Databricks#

Using Databricks notebooks inside VSCode#

  1. Install Databricks extension from the VSCode marketplace.

  2. Create a dedicated environment for local development.

  3. Install databricks-connect: The version has to match the runtime version in Databricks!

Alt text

In this case:

pip install databricks-connect==13.3.*
  1. Install pyspark in the correct version, according to the runtime again (in my case 3.4.1).

I recommend using conda for installing pyspark as there are dependencies outside the pure python package, which can be installed easily with conda.

  1. Install every other dependency that you have on your cluster, and also the jupyter kernel to be able to run code in the notebook.

  2. At the beginning of the notebook, add these lines (I suggest to create user snippets):

from databricks.connect import DatabricksSession
import warnings

warnings.simplefilter(
    action="ignore", category=FutureWarning
)  # Remove futurewarnings from pandas
spark = DatabricksSession.builder.getOrCreate()

and you are good to go.

Some additional informations:

  • Calling a dataframe in this notebook will have the same effect as calling dataframe.show() in the Databricks IDE, instead of just printing columns, so be careful, and replace by dataframe.printSchema() if needed.

  • dataframe.toPandas() method repatriates the data on your local machine.

  • Everything else from pure spark operations are executed locally.

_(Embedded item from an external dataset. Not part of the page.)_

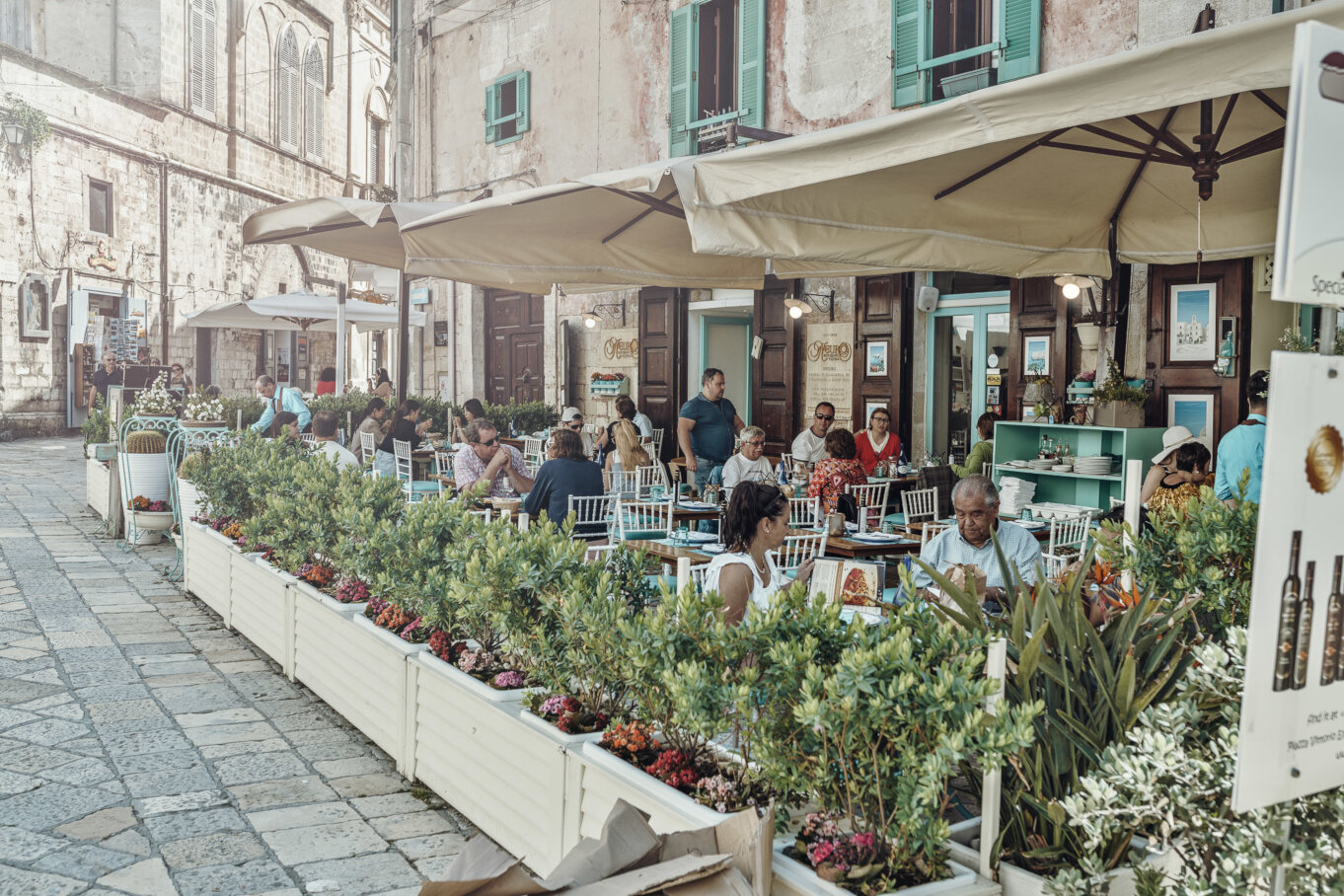 Restauracja w cenntrum Polignano a Mare
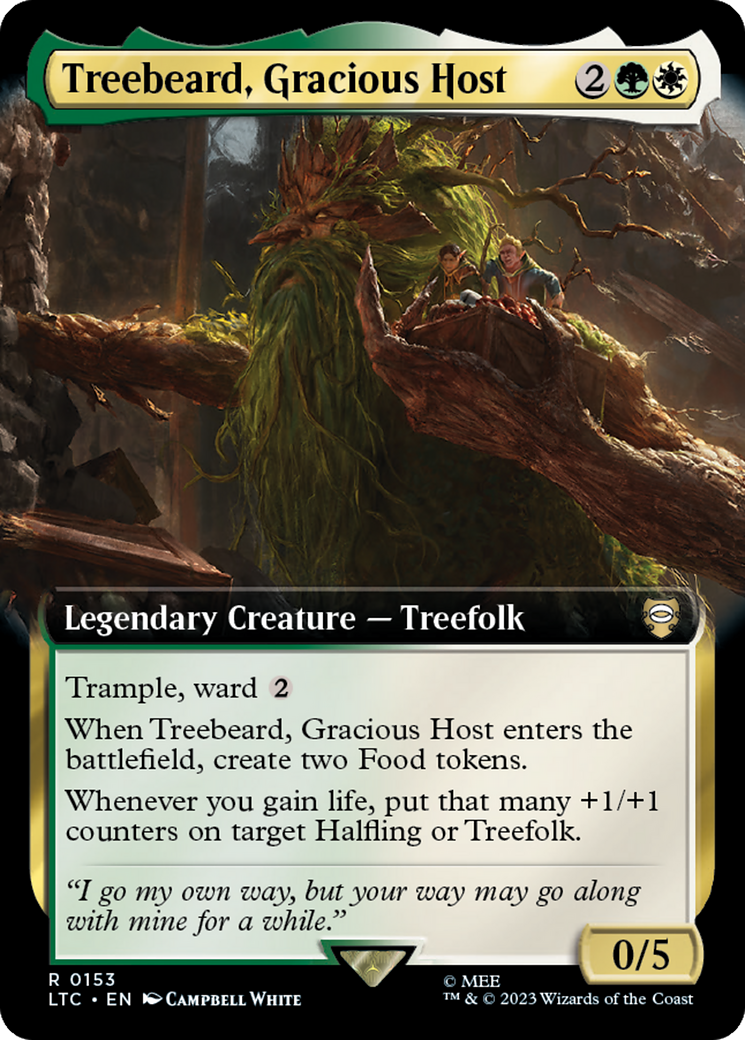 Treebeard, Gracious Host (Extended Art) [The Lord of the Rings: Tales of Middle-Earth Commander] | Devastation Store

Importing locally data from databricks efficiently#

The idea is to create a single partitioned table and then download it from s3.

import s3fs

s3 = S3FileSystem()
table_location = "(...)"

# Drop the table
spark.sql(f"DROP TABLE IF EXISTS {table_location}")
# Create the single partition table
(
    spark_dataframe
    # Repartition so there is only one parquet file
    .repartition(1)
    .write.mode("overwrite")
    .saveAsTable(table_location)
)
# Get the S3 location of the table
s3_location = spark.sql(f"DESCRIBE DETAIL {table_location}").toPandas().iloc[0]["location"]
print(f"{s3_location=}")

# Get the parquet file name from the s3 path
s3.ls(s3_location)